Chuan'ai Chen, Haolong Li, Pengpeng An, Yang Yu, Chunyan Liu, Yumiao Yang
Department of Quality Management, Tianjin Blood Center, Tianjin, China.
Nephrology (Carlton). 2025 Feb;30(2):e70000. doi: 10.1111/nep.70000.
To study the effect and elucidate the underlying mechanisms of VDAC1-ΔC on autophagy in renal tubular epithelial cells injured by hypoxia/reoxygenation.
C57/BL6 mice were randomly divided into groups: sham operation group, IRI 1d group and IRI 2d group. The inner canthal blood of mice was collected to detect the levels of serum creatinine and urea nitrogen and kidney tissues were sampled, and sections were stained with Periodic acid-Schiff for morphological evaluation. The expression of VDAC1 in kidney tissue was detected by Western blot. An immortalised human proximal tubular epithelial cell line, HK-2 cells, were subjected to hypoxia/reoxygenation treatment. HK-2 cells were incubated under hypoxia for 6 h, followed by 6 and 24 h of reoxygenation, cells were divided into four groups: H6/R0 group, H6/R6 group, H6/R24 group and control group. The release of LDH and cytosolic ROS were assessed, the expression of autophagy-related proteins LC3 and p62 was detected by Western blot, autophagy flux was monitored by transfecting mRFP-GFP-LC3 lentivirus in HK2 cells, and cells were pretreated with bafilomycin A1 to further monitor the autophagy flux. VDAC1-cleavage-defective mutant in HK-2 cells silencing VDAC1 was established to examine the effect of VDAC1 cleavage on autophagy and hypoxia/reoxygenation injury.

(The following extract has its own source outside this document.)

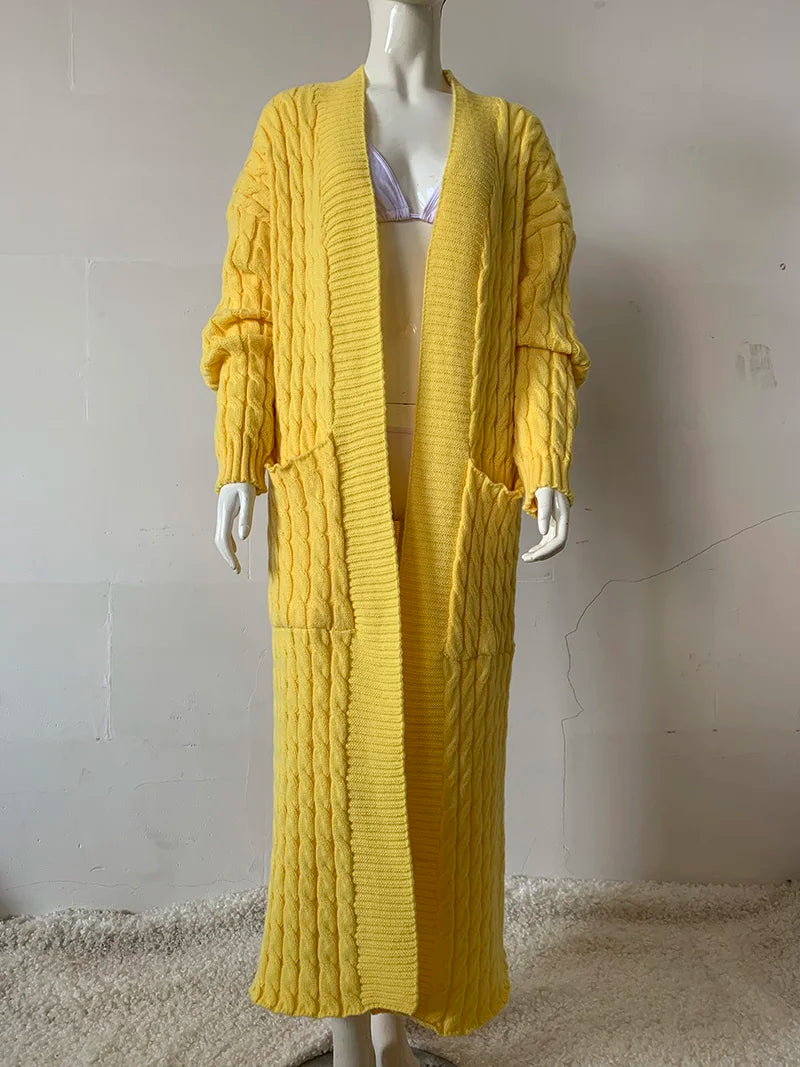 Women’s Yellow Knitted Cardigan – Long Sleeve Crochet Sweater Jacket for Autumn & Winter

In vivo, IRI 1d/2d promoted the disorder of renal tubular structure and the cleavage of VDAC1 in kidney tissue; in vitro, hypoxia/reoxygenation promoted cytosolic ROS accumulation, LDH release, VDAC1 cleavage and induced autophagy and autophagic flux; reduced VDAC1 cleavage inhibited autophagy; and decreased cytosolic ROS accumulation and LDH release, thus alleviated cell injury.
In renal tubular epithelial cells injured by H/R, VDAC1 cleavage was increased, triggering an autophagic response, and VDAC1 cleavage promoted autophagy to regulate cell injury.

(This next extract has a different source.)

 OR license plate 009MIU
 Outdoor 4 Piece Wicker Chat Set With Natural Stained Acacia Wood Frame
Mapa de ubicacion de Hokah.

研究电压依赖性阴离子通道1截短体(VDAC1-ΔC)对缺氧/复氧损伤的肾小管上皮细胞自噬的影响并阐明其潜在机制。
将C57/BL6小鼠随机分为假手术组、缺血再灌注损伤1天组(IRI 1d组)和缺血再灌注损伤2天组(IRI 2d组)。采集小鼠内眦血以检测血清肌酐和尿素氮水平,并取肾脏组织进行采样,切片用高碘酸-希夫染色进行形态学评估。通过蛋白质免疫印迹法检测肾脏组织中VDAC1的表达。将永生化的人近端肾小管上皮细胞系HK-2细胞进行缺氧/复氧处理。HK-2细胞在缺氧条件下孵育6小时,然后复氧6小时和24小时,细胞分为四组:H6/R0组、H6/R6组、H6/R2组和对照组。评估乳酸脱氢酶(LDH)释放和胞质活性氧(ROS)水平,通过蛋白质免疫印迹法检测自噬相关蛋白LC3和p62的表达,在HK2细胞中通过转染mRFP-GFP-LC3慢病毒监测自噬流,并用巴佛洛霉素A1预处理细胞以进一步监测自噬流。构建沉默VDAC1的HK-2细胞中VDAC1切割缺陷突变体,以研究VDAC1切割对自噬和缺氧/复氧损伤的影响。
在体内,IRI 1d/2d促进肾小管结构紊乱和肾脏组织中VDAC1的切割;在体外,缺氧/复氧促进胞质ROS积累、LDH释放、VDAC1切割并诱导自噬和自噬流;减少VDAC1切割可抑制自噬;并减少胞质ROS积累和LDH释放,从而减轻细胞损伤。
在缺氧/复氧损伤的肾小管上皮细胞中,VDAC1切割增加,引发自噬反应,且VDAC1切割促进自噬以调节细胞损伤。